** WHAT IS REQUIRED **
Look below for the line that contains "高校学子齐聚中南林参加观鸟大赛。刘洋摄.png", then copy it and each following line to the end of the records, minus any pictures.

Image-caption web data

********************

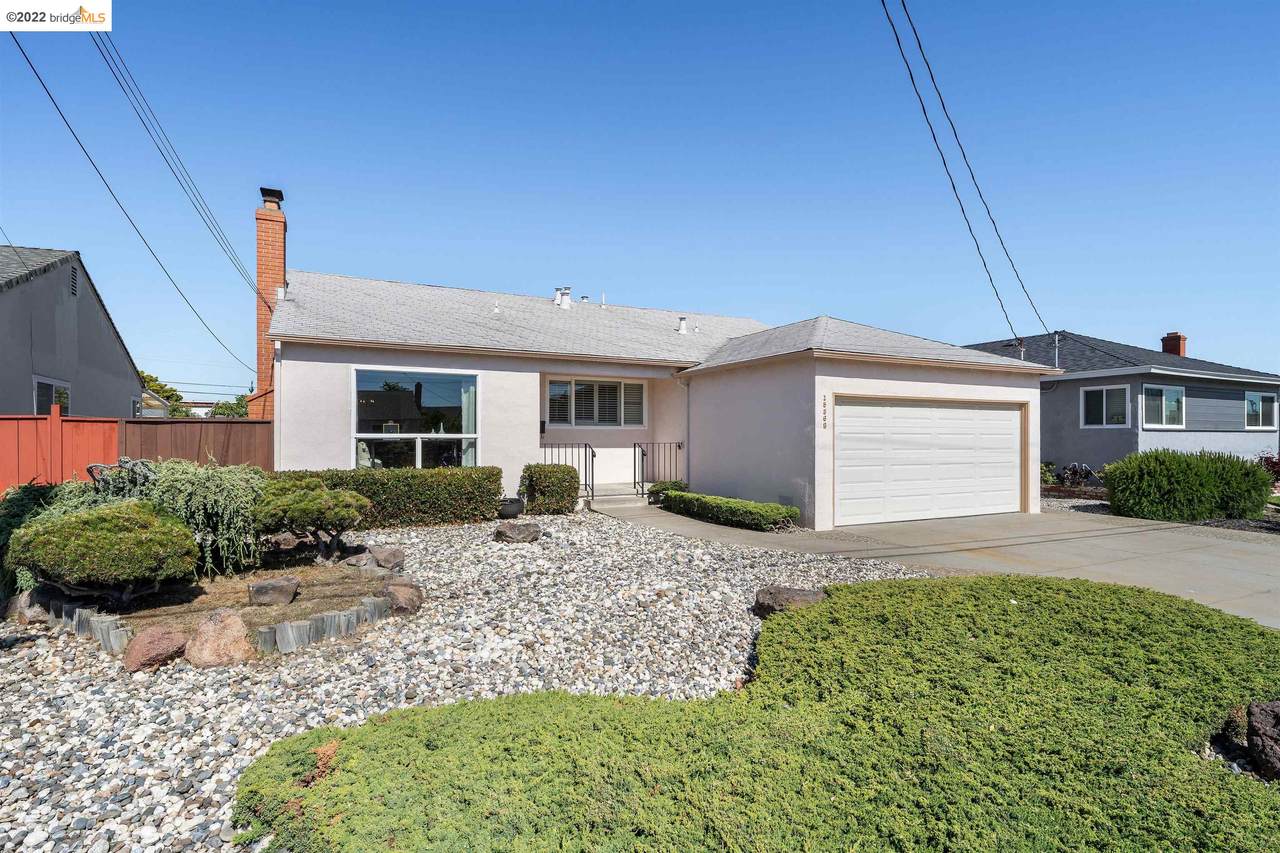 15368 Ruggles - Photo 1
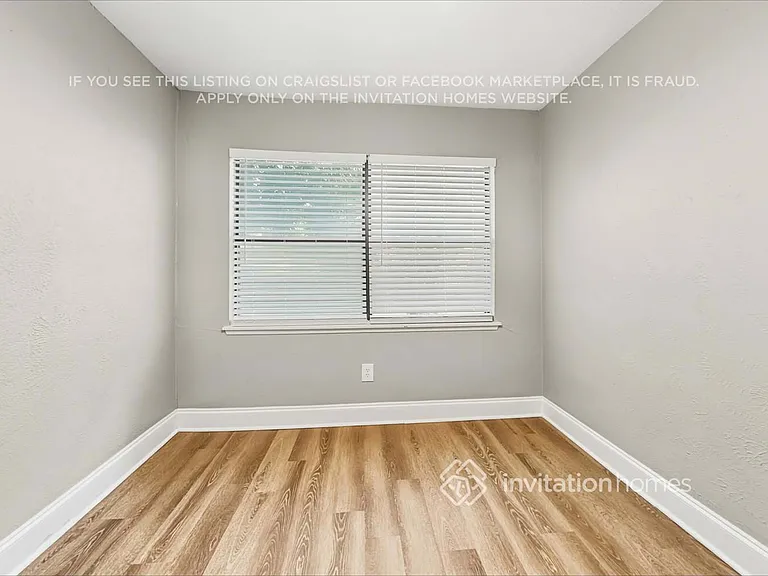 1217 Lombardy Dr — Photo 6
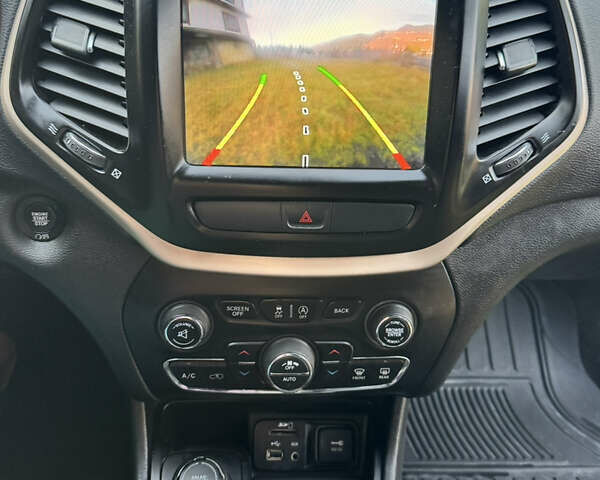 Серый Джип Чероки, объемом двигателя 3.24 л и пробегом 144 тыс. км за 17000 $, фото 35 на Automoto.ua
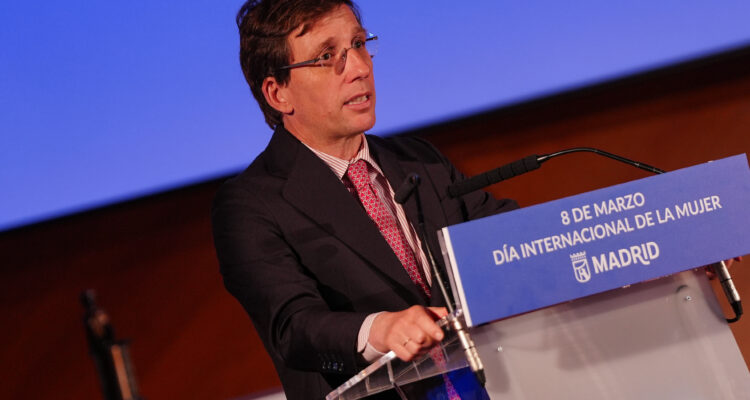 Almeida preside el acto institucional por el Día Internacional de la Mujer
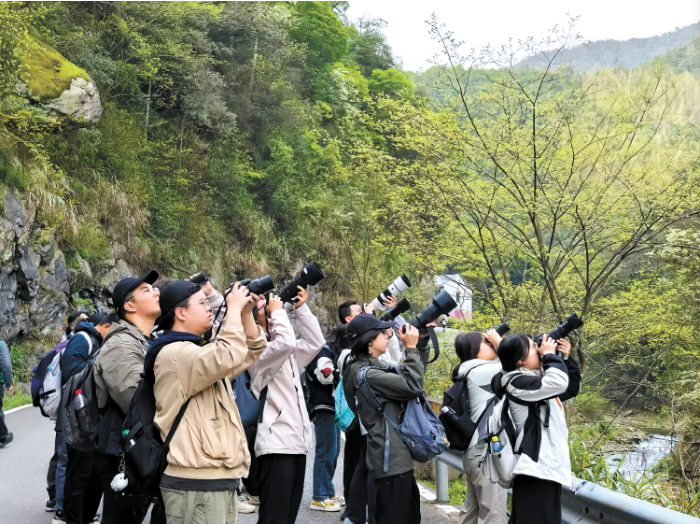 高校学子齐聚中南林参加观鸟大赛。刘洋摄.png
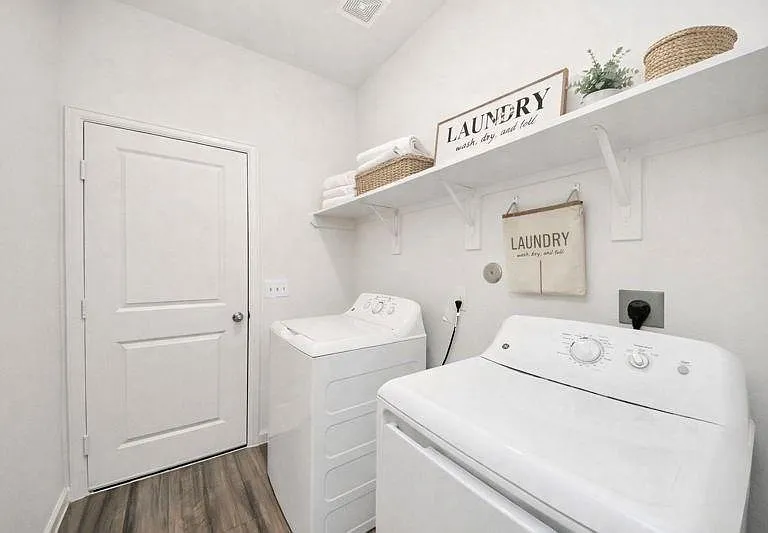 3056 Sea Turtle Dr — Photo 4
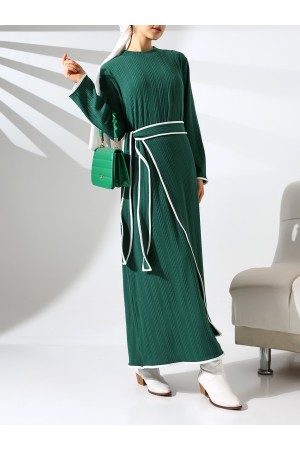 فستان من قطعتين منسوج بياقة عالية من الكريب وربطة عنق على الخصر -زمرد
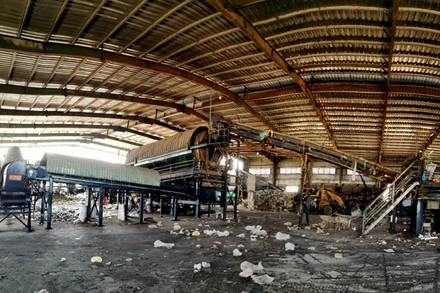 Dây chuyền xử lý rác tại Nhà máy xử lý chất thải rắn TP Đà Lạt.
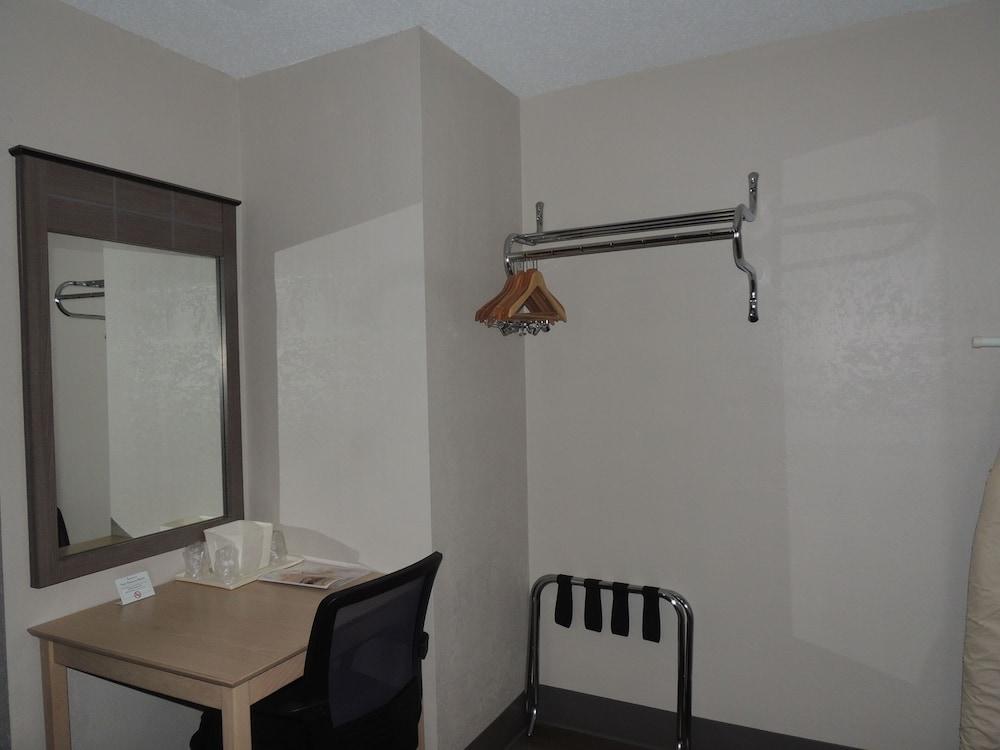 Econo Lodge DeWitt I-90 Buitenkant foto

********************

** WRITTEN ANSWER **
 高校学子齐聚中南林参加观鸟大赛。刘洋摄.png
 3056 Sea Turtle Dr — Photo 4
 فستان من قطعتين منسوج بياقة عالية من الكريب وربطة عنق على الخصر -زمرد
 Dây chuyền xử lý rác tại Nhà máy xử lý chất thải rắn TP Đà Lạt.
 Econo Lodge DeWitt I-90 Buitenkant foto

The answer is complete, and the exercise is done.